▶ [Work request] Find how many lines in this data contain the string "Case". Respond with only that number.

▼

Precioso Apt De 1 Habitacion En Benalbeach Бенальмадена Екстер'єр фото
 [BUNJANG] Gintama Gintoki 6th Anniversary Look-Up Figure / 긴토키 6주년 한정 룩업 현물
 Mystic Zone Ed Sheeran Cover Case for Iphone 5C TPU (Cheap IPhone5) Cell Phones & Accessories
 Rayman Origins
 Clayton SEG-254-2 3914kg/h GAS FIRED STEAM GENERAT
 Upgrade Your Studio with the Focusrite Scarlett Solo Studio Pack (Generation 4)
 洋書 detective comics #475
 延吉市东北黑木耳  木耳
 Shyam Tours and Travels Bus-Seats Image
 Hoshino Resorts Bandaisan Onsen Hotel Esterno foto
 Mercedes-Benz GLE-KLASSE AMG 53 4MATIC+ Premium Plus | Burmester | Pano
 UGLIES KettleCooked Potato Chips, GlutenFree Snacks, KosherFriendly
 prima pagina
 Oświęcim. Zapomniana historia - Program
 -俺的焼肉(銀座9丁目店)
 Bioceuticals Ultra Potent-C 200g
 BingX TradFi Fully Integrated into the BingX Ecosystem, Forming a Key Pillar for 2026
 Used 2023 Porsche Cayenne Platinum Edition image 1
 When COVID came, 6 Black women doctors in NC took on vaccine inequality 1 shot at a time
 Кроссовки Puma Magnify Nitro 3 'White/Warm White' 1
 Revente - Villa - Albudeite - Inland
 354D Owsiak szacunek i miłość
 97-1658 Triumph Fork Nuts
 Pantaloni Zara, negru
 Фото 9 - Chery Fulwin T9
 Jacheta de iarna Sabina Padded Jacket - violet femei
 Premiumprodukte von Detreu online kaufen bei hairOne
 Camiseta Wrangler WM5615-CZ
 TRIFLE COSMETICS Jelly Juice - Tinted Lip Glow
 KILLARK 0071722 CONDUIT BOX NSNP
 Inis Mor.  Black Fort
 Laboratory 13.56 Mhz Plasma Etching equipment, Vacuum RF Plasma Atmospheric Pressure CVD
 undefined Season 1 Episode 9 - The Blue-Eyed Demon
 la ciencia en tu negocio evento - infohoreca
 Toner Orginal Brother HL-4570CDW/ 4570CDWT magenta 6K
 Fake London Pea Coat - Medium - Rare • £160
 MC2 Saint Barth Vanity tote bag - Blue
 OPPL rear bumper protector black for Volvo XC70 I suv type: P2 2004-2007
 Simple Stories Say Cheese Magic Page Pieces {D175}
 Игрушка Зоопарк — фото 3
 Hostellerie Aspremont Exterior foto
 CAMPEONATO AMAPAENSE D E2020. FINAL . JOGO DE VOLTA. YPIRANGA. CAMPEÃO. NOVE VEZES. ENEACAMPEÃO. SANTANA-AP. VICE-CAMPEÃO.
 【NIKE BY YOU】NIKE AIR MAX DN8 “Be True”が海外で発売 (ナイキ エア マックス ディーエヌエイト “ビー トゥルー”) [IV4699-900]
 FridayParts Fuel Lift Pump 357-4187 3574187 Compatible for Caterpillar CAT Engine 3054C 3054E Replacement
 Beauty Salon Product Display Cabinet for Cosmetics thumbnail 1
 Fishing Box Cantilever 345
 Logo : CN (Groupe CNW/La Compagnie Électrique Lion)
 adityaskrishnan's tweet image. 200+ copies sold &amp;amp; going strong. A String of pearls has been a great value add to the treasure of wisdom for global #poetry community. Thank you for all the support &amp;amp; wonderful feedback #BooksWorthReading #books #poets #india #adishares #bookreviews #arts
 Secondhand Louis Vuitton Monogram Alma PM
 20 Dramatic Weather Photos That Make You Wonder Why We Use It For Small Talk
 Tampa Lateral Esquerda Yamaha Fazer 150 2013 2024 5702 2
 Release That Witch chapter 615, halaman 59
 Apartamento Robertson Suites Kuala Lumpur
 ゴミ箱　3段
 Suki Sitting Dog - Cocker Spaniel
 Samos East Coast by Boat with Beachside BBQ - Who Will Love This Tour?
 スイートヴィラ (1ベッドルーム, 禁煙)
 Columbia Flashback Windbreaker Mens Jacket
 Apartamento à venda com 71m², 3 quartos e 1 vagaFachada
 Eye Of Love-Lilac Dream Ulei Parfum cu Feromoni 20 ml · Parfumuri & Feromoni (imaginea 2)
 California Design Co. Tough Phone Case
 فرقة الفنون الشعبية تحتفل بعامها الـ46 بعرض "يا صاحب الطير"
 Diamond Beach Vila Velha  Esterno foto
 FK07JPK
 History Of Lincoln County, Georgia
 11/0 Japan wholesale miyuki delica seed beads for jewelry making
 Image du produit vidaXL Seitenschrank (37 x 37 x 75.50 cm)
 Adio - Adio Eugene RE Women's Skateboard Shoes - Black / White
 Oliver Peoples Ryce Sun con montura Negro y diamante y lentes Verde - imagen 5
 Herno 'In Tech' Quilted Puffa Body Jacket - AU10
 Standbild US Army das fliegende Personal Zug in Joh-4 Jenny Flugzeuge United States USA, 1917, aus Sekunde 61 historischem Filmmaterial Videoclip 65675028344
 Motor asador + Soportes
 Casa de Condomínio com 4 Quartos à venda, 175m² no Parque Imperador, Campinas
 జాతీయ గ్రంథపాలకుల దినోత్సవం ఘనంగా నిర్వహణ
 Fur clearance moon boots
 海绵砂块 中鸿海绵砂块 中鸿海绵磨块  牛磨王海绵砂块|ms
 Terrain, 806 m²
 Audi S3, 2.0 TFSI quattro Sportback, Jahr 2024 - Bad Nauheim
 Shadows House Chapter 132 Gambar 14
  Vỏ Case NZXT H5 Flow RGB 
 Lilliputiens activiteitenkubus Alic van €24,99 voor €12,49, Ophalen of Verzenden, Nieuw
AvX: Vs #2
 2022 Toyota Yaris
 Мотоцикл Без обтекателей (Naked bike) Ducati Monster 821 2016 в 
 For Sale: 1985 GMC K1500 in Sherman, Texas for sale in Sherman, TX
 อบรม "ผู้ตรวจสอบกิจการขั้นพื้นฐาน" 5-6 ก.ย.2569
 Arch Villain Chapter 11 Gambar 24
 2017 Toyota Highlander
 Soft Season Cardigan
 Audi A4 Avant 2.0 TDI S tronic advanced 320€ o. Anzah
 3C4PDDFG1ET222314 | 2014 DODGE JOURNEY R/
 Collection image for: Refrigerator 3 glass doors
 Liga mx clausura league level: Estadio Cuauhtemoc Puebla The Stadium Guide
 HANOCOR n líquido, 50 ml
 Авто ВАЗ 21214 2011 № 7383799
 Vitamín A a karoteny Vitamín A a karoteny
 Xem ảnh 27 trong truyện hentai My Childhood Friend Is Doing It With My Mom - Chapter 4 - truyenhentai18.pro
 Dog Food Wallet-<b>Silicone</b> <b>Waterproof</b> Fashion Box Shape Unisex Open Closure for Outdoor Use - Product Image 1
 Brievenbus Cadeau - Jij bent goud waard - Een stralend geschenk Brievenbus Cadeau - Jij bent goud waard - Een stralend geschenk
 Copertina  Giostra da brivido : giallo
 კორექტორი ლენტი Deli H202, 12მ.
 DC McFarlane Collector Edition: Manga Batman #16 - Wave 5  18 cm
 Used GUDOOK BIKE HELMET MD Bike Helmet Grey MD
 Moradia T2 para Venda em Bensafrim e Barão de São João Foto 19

▲

▶ [Reply to the exercise] 3